총 51개의 페이지에서 각 가게의 정보를 가져온다
- 가게이름, 대표메뉴, 대표메뉴의 가격, 가게주소

from bs4 import BeautifulSoup
from urllib.request import Request, urlopen
from fake_useragent import UserAgent
# http에서 https로 바껴서 오류생김, 의존성 추가하면 됨
import ssl
context = ssl._create_unverified_context()

url_base = "https://www.chicagomag.com"
url_sub = "/Chicago-Magazine/November-2012/Best-Sandwiches-Chicago/"
url = url_base + url_sub

ua = UserAgent()
ua.ie

req = Request(url, headers={"User-Agent" : ua.ie})

response = urlopen(req, context=context)
response.status

soup = BeautifulSoup(response, "html.parser")

# print(soup.prettify())

bs4.elment.Tag 타입이면 find 명령을 사용할 수 있다는 의미

tmp_one = soup.find_all("div", "sammy")[0]
type(tmp_one)

tmp_one.find(class_="sammyRank")

tmp_one.find(class_="sammyRank").get_text()

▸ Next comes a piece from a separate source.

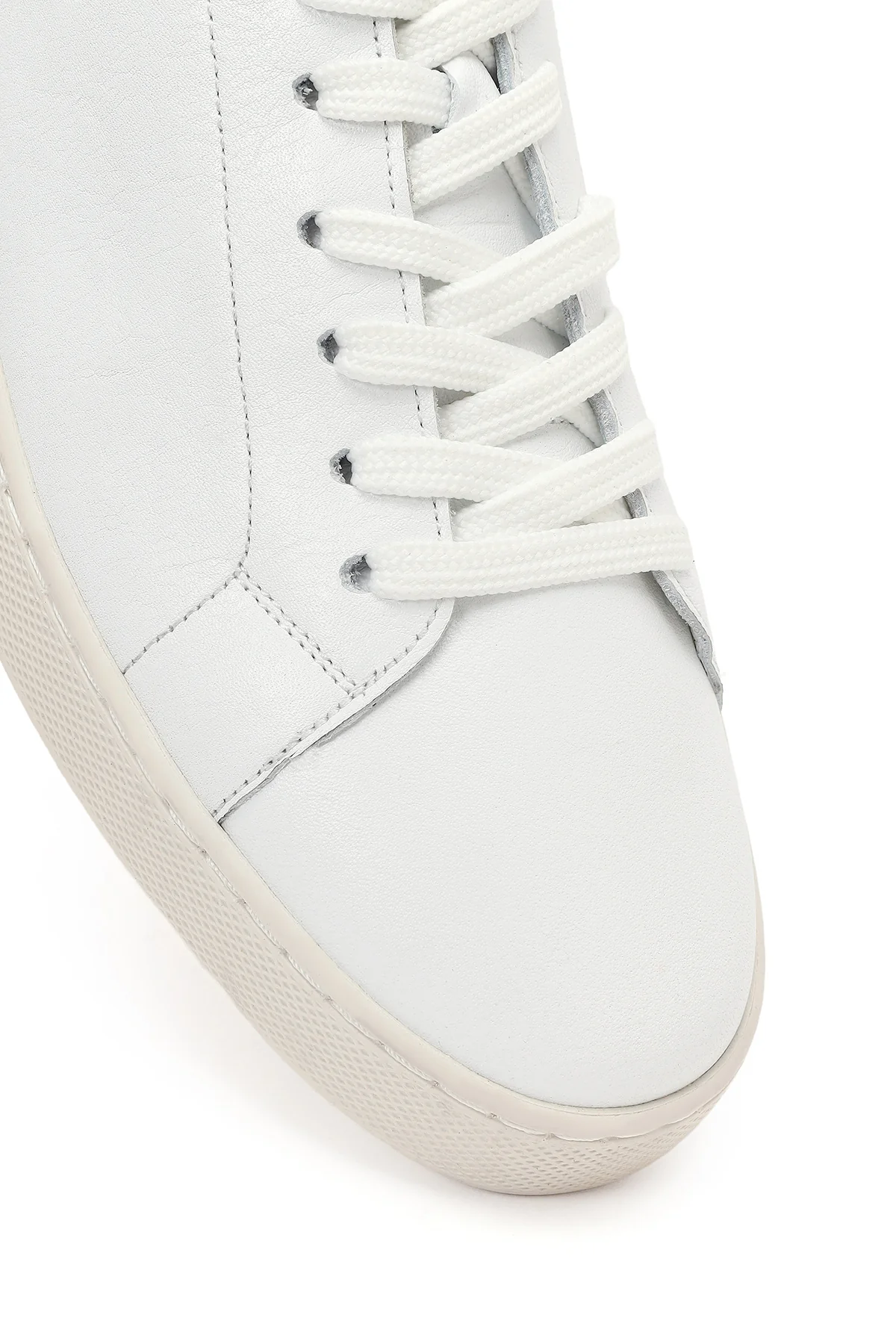 Erkek Beyaz Bağcıklı Deri Sneaker - Image 9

tmp_one.find(class_="sammyListing").get_text()
tmp_one.find("a")["href"]

output:'/Chicago-Magazine/November-2012/Best-Sandwiches-in-Chicago-Old-Oak-Tap-BLT/'
# 연결되는 홈페이지 주소가 상대경로임

import re
tmp_string = tmp_one.find(class_="sammyListing").get_text()
re.split(("\n|\r\n"),tmp_string)

output : ['BLT', 'Old Oak Tap', 'Read more ']

# 상대주소 절대주소 대응을 위한 모듈
from urllib.parse import urljoin

url_base = "http://www.chicagomag.com"

rank = []
main_menu = []
cafe_name = []
url_add = []    
#필요한 내용을 담을 빈 리스트를 준비 리스트로 하나씩 컬럼만들어 DataFrame으로 합칠예정

list_soup = soup.find_all("div", "sammy")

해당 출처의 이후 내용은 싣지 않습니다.